Fig. 2a shows a STXM micrograph (optical density) of an array of FXBID deposits written with a precursor dosing pressure of 8.5 × 10⁻⁶ mbar. The irradiation time per pixel was varied from 20 to 80 ms, while three different photon energies were investigated to analyze deposition rates well-below and above the absorption L-edge of Co (770.0 and 800.0 eV, respectively) as well as at the resonant excitation energy (780.0 eV). Note that the maximum gas pressure of Co(CO)₃NO was too low to record an absorption spectrum of the precursor in the gas phase. Therefore, the resonant energy was chosen close to the absorption maximum of the resulting Co deposits. We propose that the energy dependent effects discussed below could be further increased with an optimized value for the precursor absorption resonance. It is directly visible from the different brightness levels present in the micrograph and further illustrated by linear profiles across the deposits (Fig. 2b) that the optical density, which correlates with the effective thickness of Co within the deposits, is directly proportional to the irradiation time per pixel. Furthermore, we find a non-linear dependence of deposited Co quantity and incident photon energy. While the 800 eV deposits are just slightly thicker than their pre-resonant analogues, resonant excitation at 780 eV leads to an enhanced deposition rate. It should be further noted that the deposits are spatially well-defined and do not exhibit pronounced proximity effects as is often found in standard EBID experiments.⁴⁴

Fig. 2 (a) Resonant STXM micrograph of Co deposits from FXBID at varied irradiation time per pixel (columns) and photon energy (rows). (b) Profiles across the deposits illustrate the variations of the resulting optical density (proportional to quantity of deposited Co).

A careful analysis of the energy dependent deposition rates requires calibration to the incident photon flux, detection efficiency (cf.

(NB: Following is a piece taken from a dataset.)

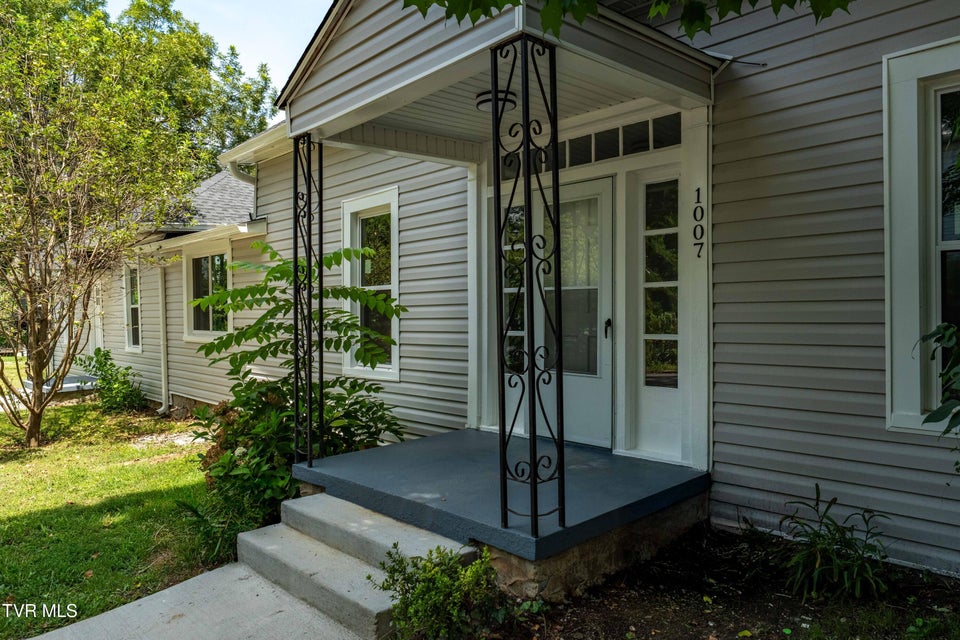 Photo #11: 1007 Spring Street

ESI†) and absorption of the Si₃N₄-membranes of the gas cell. Especially the consideration of incident photon flux is crucial for the determination of absolute growth rates, since it may vary strongly with the photon energy. With respect to these corrections, the amount of deposited Co can be compared to the number of incident photons (directly proportional to irradiation time). The result of this analysis is depicted in Fig. 3a. We find a clear linear dependence of effective Co thickness with illumination time per pixel and significant energy selectivity. The deposition rate at the resonant energy is 20% higher than for the pre-edge energy (770 eV) and almost 40% higher compared to the post-edge energy (800 eV). According to the standard models of X-ray induced radiochemistry we expect a correlation of radiation damage and the absorption cross section of the precursor molecule within this energy regime.⁴⁵ Therefore, it is not surprising that the resonant energy exhibits higher deposition rates. However, the post-edge rate would be expected to be higher than the pre-edge rate. As discussed above, the exact absorption spectrum of the precursor molecule is not known and pre-edge absorption peaks might contribute to the observed behaviour.⁴⁶ In addition, energy dependent radiation damage pathways cannot be fully excluded.⁴⁷ The increased deposition rate at the resonant photon energy, however, provides access to a unique path of energy-selective deposition from precursors with different metal centres. As long as the general stability of a set of precursors is comparable, the deposition rate should be governed only by their characteristic X-ray absorption cross sections with discrete resonance energies. A certain precursor will not be significantly affected by the focused X-ray beam far below or above its absorption edge during the resonant deposition of a different metal.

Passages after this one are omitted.